All the project work is connected to their classwork. In science class, for instance, the sixth-graders had been studying the water cycle, from rain and snow falling in the Rockies to rivers running out to the sea and evaporating. They then evaluated the use of drip irrigation in the garden and determined that it saved 1 million gallons of water a year, compared with when the building was vacant and the district was watering weeds.

One year, teacher Kartal Jaquette’s second-grade class counted every light in the building, as part of a math project to find out where energy was being wasted. They measured the lumens coming from each light, as well as from mini-skylights, or solar tubes. Using graphs and charts, they figured out which lights they could unscrew. Then they designed a monitoring system, with a student “light sheriff” to make sure that every classroom had enough light but didn’t waste energy. Their recommendations, according to lead partner Frank Coyne, saved $1,200 and 20,000 tons of carbon dioxide a year.

Though DGS prioritizes project-based learning over test prep, its academic results are strong. In ratings of academic achievement at all Denver schools, compiled by the district, DGS is in the second-highest of five categories, “meets expectations.” Teachers who consistently weave projects into their lessons produce some of the school’s highest test scores. Last year, 26 percent of Jaquette’s third-graders tested proficient and 60 percent tested advanced in math. In a school where 60 percent of students are low-income, half are minorities and 27 percent are English-language learners, that is a home run. “There’s not another school with that demographic [in the city] who had that level” of proficiency, he adds.

The advocacy group Education Evolving, which just published a guide to creating teacher-run schools, released a poll of teachers and members of the public last year that illustrates why the idea is spreading. After hearing a description of teacher-run schools, 78 percent of teachers surveyed liked the idea. More than half of non-teacher respondents were “very interested” in seeing one in their community, and one in five teachers wanted to implement the idea immediately. Interestingly, those sentiments didn’t change among union members.

The biggest obstacles to the spread of teacher-run schools are school districts’ central rules, most of which make it impossible to use unusual personnel configurations, alter budgets and make myriad other changes the teacher-run model demands. That’s why so many teacher-run schools are charters — they need autonomy to organize as they please.
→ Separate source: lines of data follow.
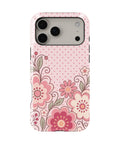 Blush pink Y2K retro floral polka dot shockproof MagSafe iPhone case for iPhone 17 Pro Max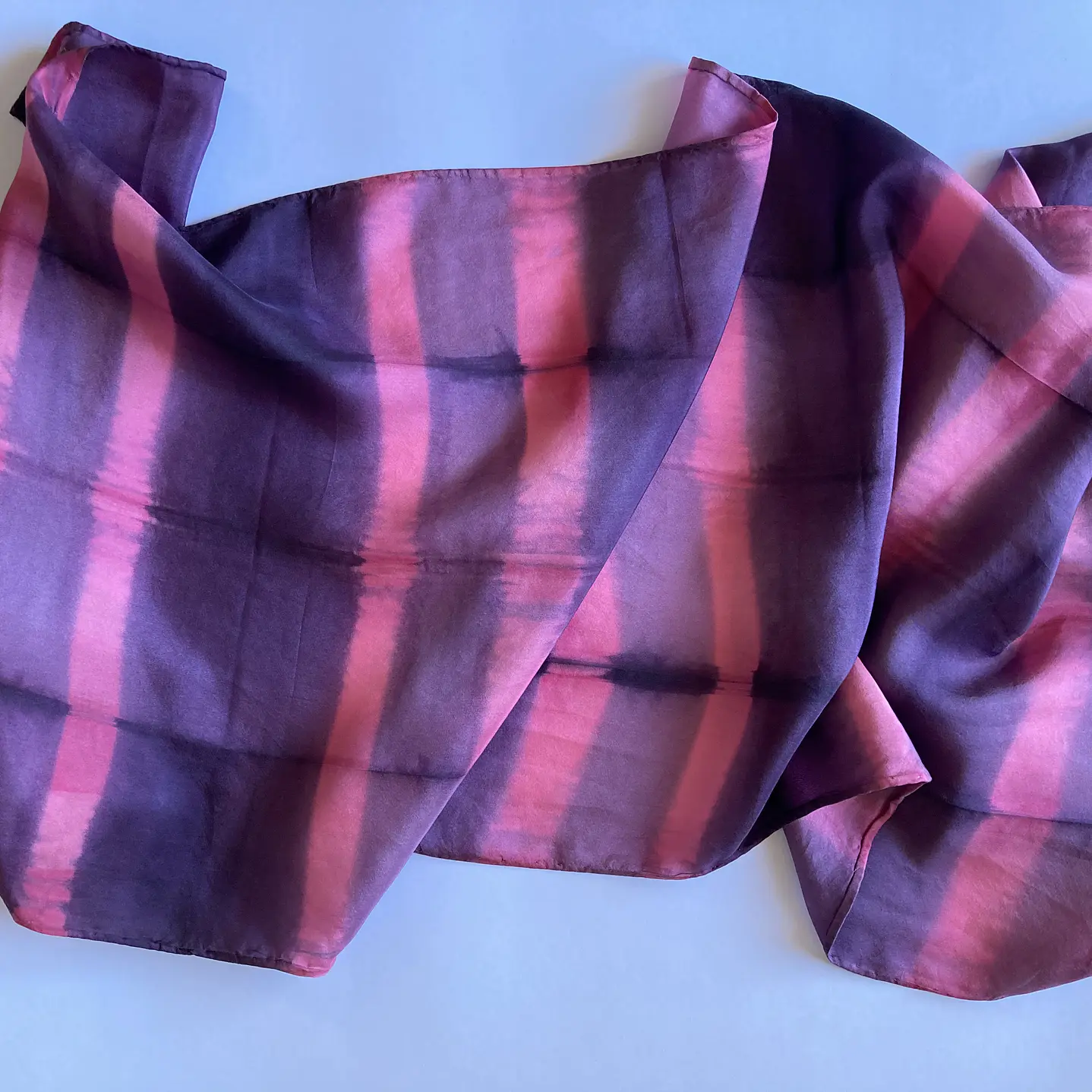 Pañuelo seda rayas uva 5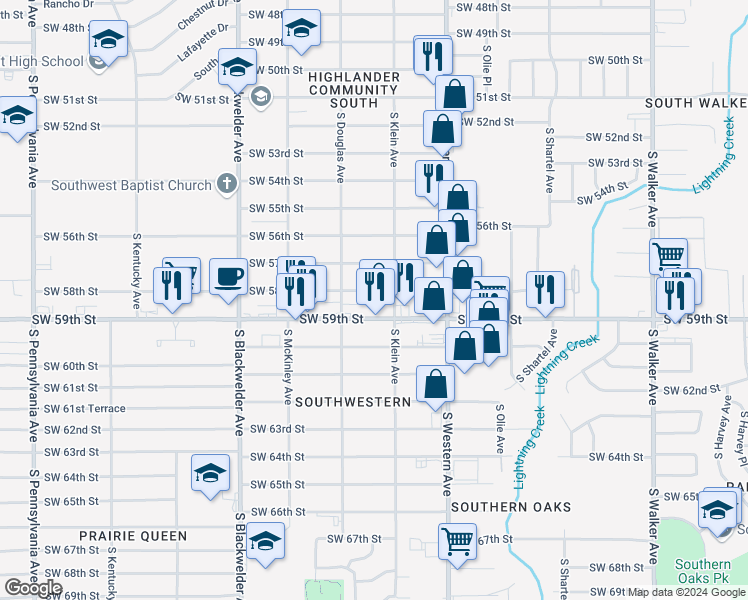 map of restaurants, bars, coffee shops, grocery stores, and more near 1009 Southwest 58th Street in Oklahoma City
Many union leaders love the teacher-run model as much as they hate charters. They constantly argue that teachers should be treated as professionals, and there is no more professional model than a teacher-run school. In Minnesota, in fact, the Federation of Teachers has created an organization to authorize teacher-run charters. In that state, and perhaps in others, this model might carve out some islands of truce in the war between unions and charters.

More important, in an era of resistance to tax increases, most districts can’t solve their teacher-retention problems by raising salaries. Handing teachers more control is probably our best shot at keeping more quality teachers in the classroom.